#### BRIEF:
Reproduce, from the lines below, exactly the stretch that begins at the line containing "Grijze Barrel Jeans" and ends at the line containing "Hoodieklänning Velour Emily", both included.

#### DATA PROVIDED:
◇ ◇ ◇ ◇
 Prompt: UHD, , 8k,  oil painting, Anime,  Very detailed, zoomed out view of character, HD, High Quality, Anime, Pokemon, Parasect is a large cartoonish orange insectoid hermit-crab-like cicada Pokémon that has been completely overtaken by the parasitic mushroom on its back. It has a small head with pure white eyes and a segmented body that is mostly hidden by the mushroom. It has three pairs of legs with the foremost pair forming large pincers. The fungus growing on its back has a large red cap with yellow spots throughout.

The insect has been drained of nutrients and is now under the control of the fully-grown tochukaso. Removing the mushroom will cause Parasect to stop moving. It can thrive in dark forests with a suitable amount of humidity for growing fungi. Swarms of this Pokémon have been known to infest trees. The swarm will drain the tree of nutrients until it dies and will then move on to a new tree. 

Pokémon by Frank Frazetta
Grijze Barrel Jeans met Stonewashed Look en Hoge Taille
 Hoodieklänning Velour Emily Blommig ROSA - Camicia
◇ ◇ ◇ ◇
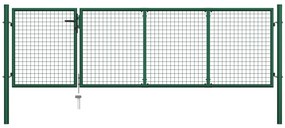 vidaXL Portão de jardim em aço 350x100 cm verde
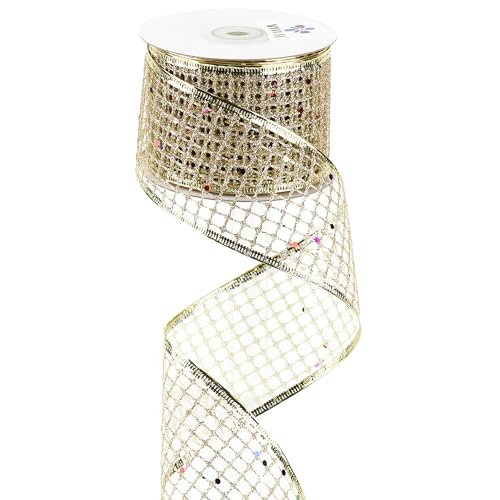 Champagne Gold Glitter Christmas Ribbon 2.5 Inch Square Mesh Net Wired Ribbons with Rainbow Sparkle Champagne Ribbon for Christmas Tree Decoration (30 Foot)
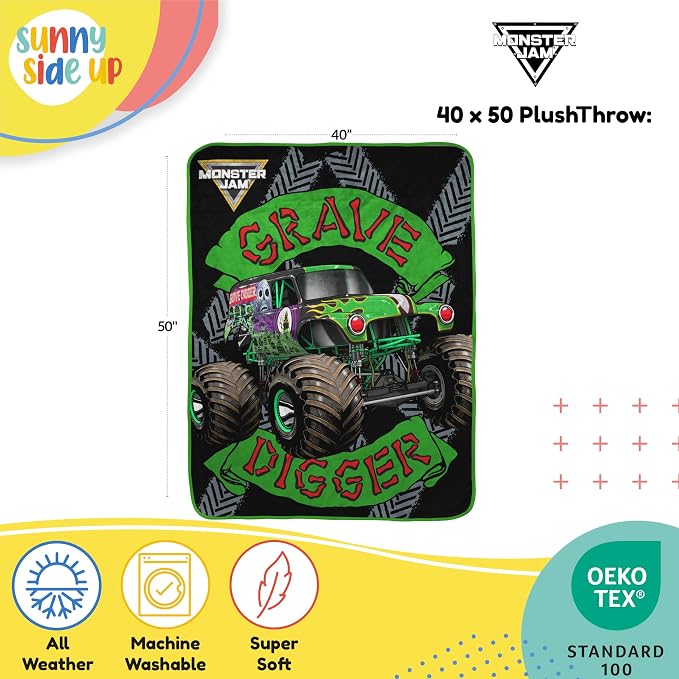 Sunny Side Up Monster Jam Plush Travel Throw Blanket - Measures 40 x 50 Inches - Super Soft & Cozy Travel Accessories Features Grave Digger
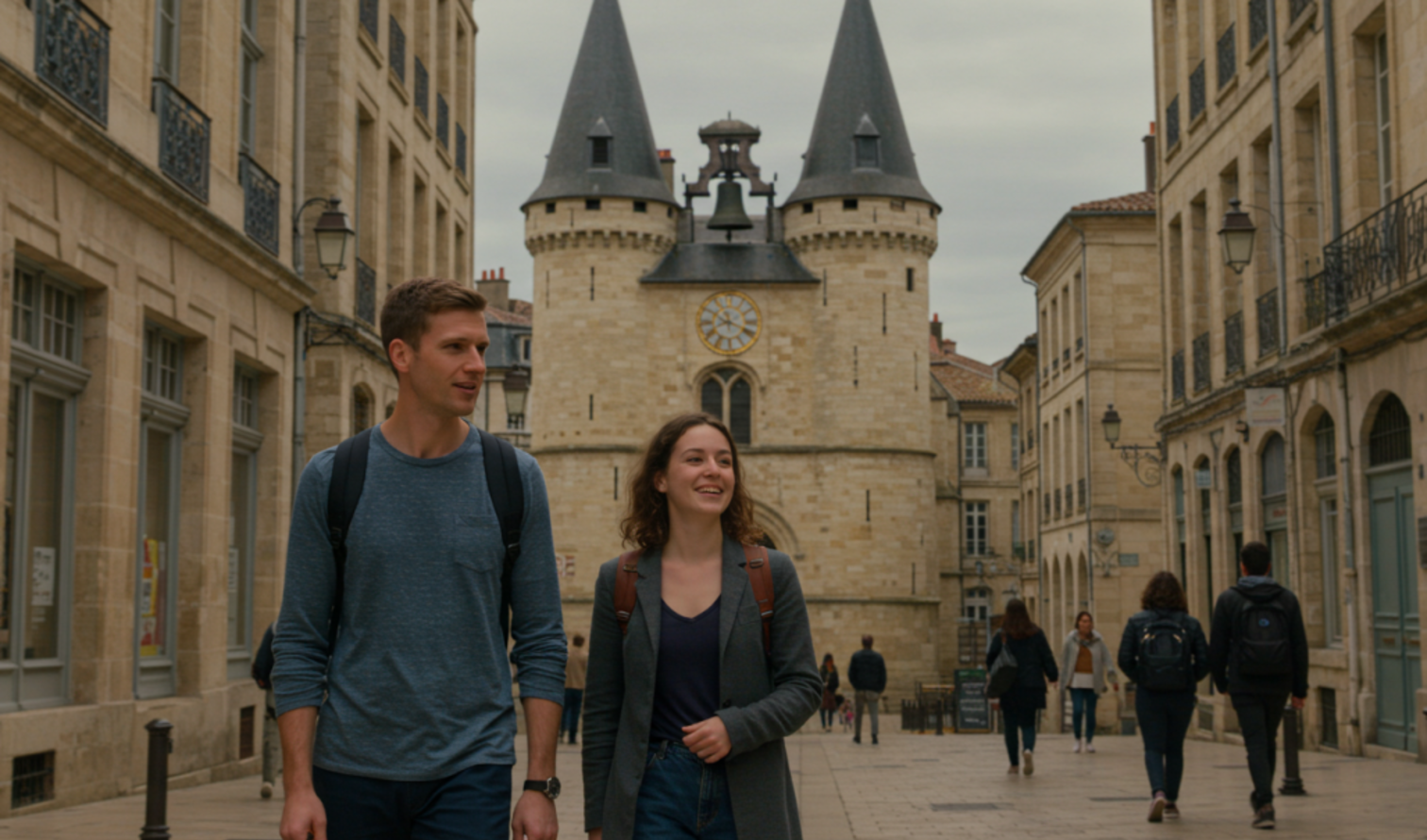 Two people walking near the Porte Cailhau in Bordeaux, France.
◇ ◇ ◇ ◇
#### PROBLEM SOLUTION:
Grijze Barrel Jeans met Stonewashed Look en Hoge Taille
 Hoodieklänning Velour Emily Blommig ROSA - Camicia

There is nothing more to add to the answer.